There's no trap there (never mind winning) - there is just confusion (and obv it was part of a wider motion/debate). Confusion about these things and how to deal with them is politics - at least part of an internal politics. There's no shame in this.

Absolutely.

It's a positive thing, for now, that LU members are coming out with stuff like this rather than all having joined with solidified Marxist ideas about class.

It shows that at least some of their members are not old Trots looking for a new home.

However, it also shows pretty clearly where LU are getting their members from.

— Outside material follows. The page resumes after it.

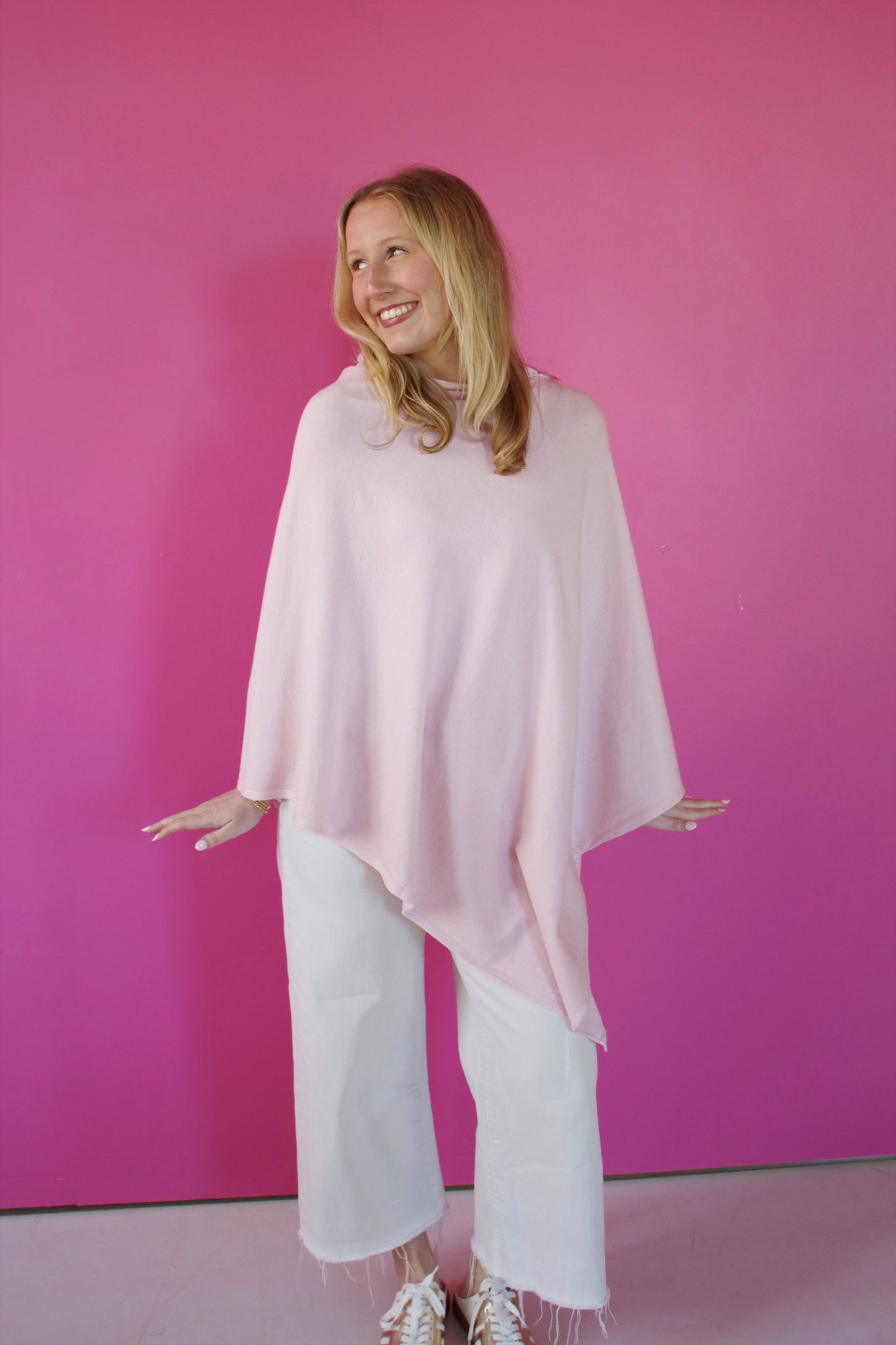 Oversized Poncho - Peony Pink (one size)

Which isn't so positive.
 
I sort of appreciate what people are saying about how they're actually having a real discussion about class, and although to our weary jaded eyes it can be easy to knock but I'm sure these definitions of class are widely believed by people so it's kind of healthy they're having a discussion about this.

But at the same time, if they self-consciously aiming at being so liberal why even start a new party of the left, especially if this new party of the left isn't actually all that left wing? If you're after what they're after, piss weak social democracy, they could just join Labour surely? What distinguishes them from Labour? What's their unique selling point?
 
It reminds me a bit of some of the stuff the old CP did in the immediate aftermath of '91. 0verly inclusive, overly liberal stuff to add heft to an essentially failed project.